The Maori Party has reignited its calls for an inquiry into the abuse of children who were in state care in the 1950s to 90s, saying a Royal Commission of Inquiry was needed to be independent from the Government.

Co-leader Marama Fox asked for Government support for a Royal Commission of Inquiry into what she called New Zealand's "stolen generation" in Parliament today - but was rebuffed by Social Development Minister Anne Tolley.

Calls for a full inquiry have been repeatedly rejected by the Government, which has instead dealt with those affected individually through a Confidential Listening and Assistance Service.

Fox said more was needed and a Royal Commission of Inquiry would be independent from the Government so it could not interfere or influence it.


"By not allowing an inquiry like this robs the victims of the chance to see justice served. Bring it out into the light."

Tolley said the abuse of children was abhorrent but successive governments had decided against a full inquiry.

"This service provide more in the way of help than an inquiry ever would, helping people access their old records, funding counselling sessions, and referring them to agencies for investigation."

She said that meant the Government had been able to deal with claims directly and quickly. "An inquiry would not resolve the claims of individuals or provide payments or offer personal apologies."

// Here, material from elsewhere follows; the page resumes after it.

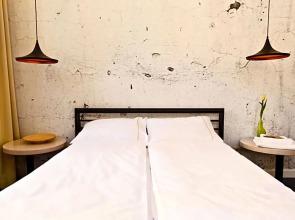 Sleep In Hostel & Apartments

The Mana Party's Hone Harawira has also called for a Commission of Inquiry, and Fox acknowledged that.

Her fellow co-leader Te Ururoa Flavell said there was need to acknowledge that horrific and widespread sexual and physical abuse occurred.

"We will probably never know how widespread this abuse was and I suspect there are still some out there who are too traumatised to publicly acknowledge it.

"It's this lack of information that makes it imperative that we have this inquiry into the abuse of tamariki in institutional care."


Fox said the Children's Commissioners' State of Care report on that service was based on the experiences of more than 1,100 people who suffered abuse at the hands of the state and that was reason enough for full inquiry. She said that was needed to ensure such incidents never happened again.

Tolley said the new Vulnerable Childrens' Ministry was based on an expert advisory panel's study of that issue and she was confident it would never happen again. "Thankfully the era of borstals and 100,000 children in state care are long gone."

In February, the Human Rights Commission issued an open letter to Prime Minister Bill English, saying an inquiry was needed to acknowledge the abuse and harm done to children who were placed in state care in those decades and provide a platform for them to speak.

The Human Rights Commission says more than 100,000 New Zealanders were taken from their families and put into state institutions from the 1950s to the 1990s and many suffered physical, sexual and emotional abuse and neglect. That included disabled children taken from their families.

Indigenous Rights Commissioner Karen Johansen has said Maori children were more likely to be taken from their families - some institutions had reported 80-100 per cent of children were from more than Maori homes, and more than 40 per cent of prison inmates spent their childhood in state care.